- [Data shown]

'''

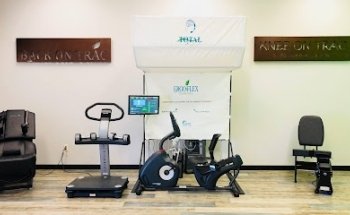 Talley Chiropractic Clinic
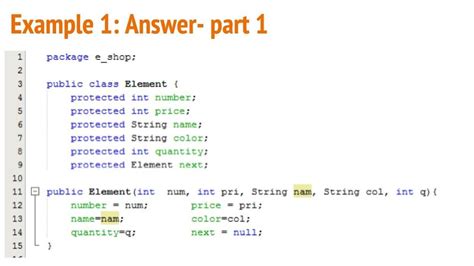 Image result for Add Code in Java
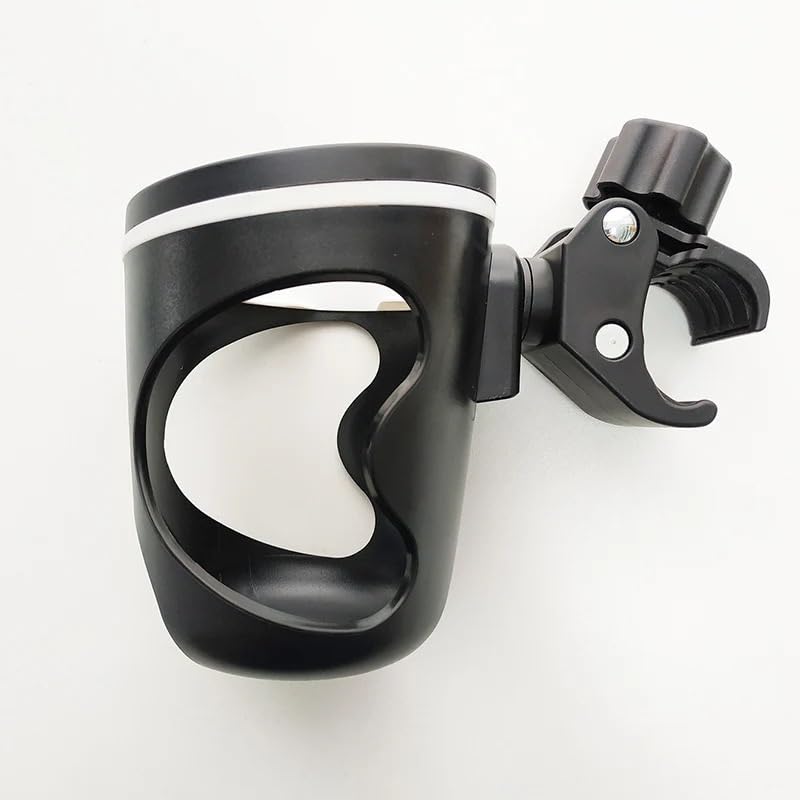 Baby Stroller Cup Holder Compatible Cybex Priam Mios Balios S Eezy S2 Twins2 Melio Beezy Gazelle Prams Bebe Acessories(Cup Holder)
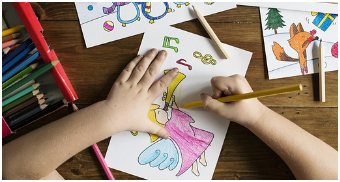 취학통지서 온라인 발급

'''

- [Action item]
Write out the material above without changing a word, and skip any picture.

- [Output of the exercise]
 Talley Chiropractic Clinic
 Image result for Add Code in Java
 Baby Stroller Cup Holder Compatible Cybex Priam Mios Balios S Eezy S2 Twins2 Melio Beezy Gazelle Prams Bebe Acessories(Cup Holder)
 취학통지서 온라인 발급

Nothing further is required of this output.